Pages

Tuesday, September 28, 2010

How to remove Duplicate records from table


This is the frequently asked question in an interview. How to remove or select distinct all data with the unique value. You all are knows that whenever we write distinct keyword with column it will returns unique combination of all columns.
In following query if you use distinct then it will return all rows then how to eliminate particular column duplication.You can not use distinct at this moment. I have a solution for this.
Just copy and paste following code in your SQL Server 2005 query window and then run it.
 
DECLARE @EMPDATA TABLE(EMPNO BIGINT PRIMARY KEY,EMAIL VARCHAR(50))

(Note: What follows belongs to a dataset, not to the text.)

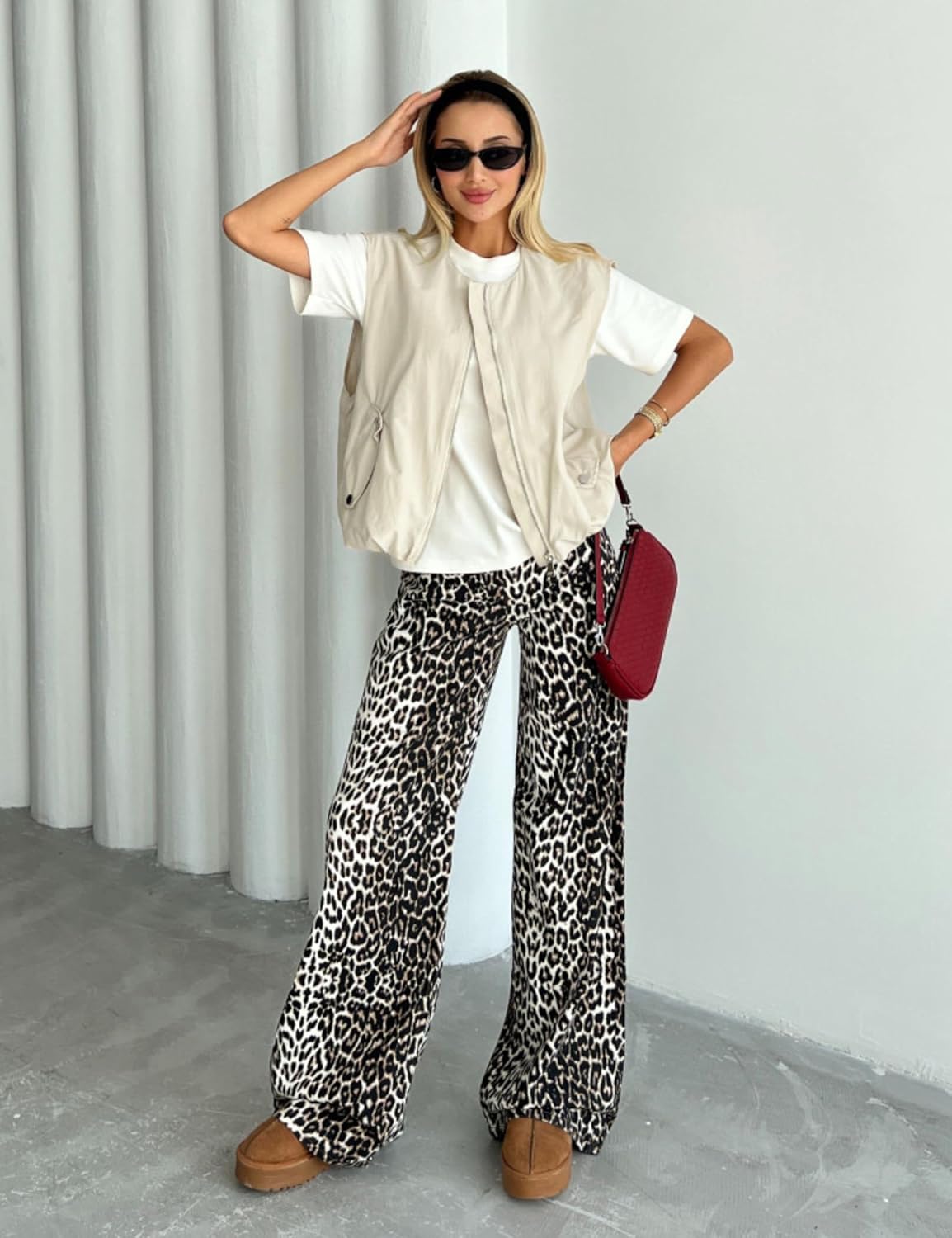 Women's Casual Zip Up Cargo Vest Cropped Sleeveless Ruched Hem Blazer Jackets Tops with Pockets - Image 3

INSERT INTO @EMPDATA VALUES(1,'parag@gmail.com')
INSERT INTO @EMPDATA VALUES(2,'deven@gmail.com')
INSERT INTO @EMPDATA VALUES(3,'parag@gmail.com')
INSERT INTO @EMPDATA VALUES(4,'jig@gmail.com')
INSERT INTO @EMPDATA VALUES(5,'dharmik@gmail.com')
INSERT INTO @EMPDATA VALUES(6,'jig@gmail.com')
INSERT INTO @EMPDATA VALUES(7,'sandy@gmail.com')
INSERT INTO @EMPDATA VALUES(8,'dharmik@gmail.com')

;WITH CTE
AS
(
   SELECT ROW_NUMBER()OVER(PARTITION BY EMAIL ORDER BY  EMPNO)RANK,*
     FROM @EMPDATA
)

SELECT EMPNO,EMAIL FROM CTE
WHERE RANK=1
ORDER BY EMPNO

In above query it will just select the unique value if you want to remove then write DELETE statement where rank = 1.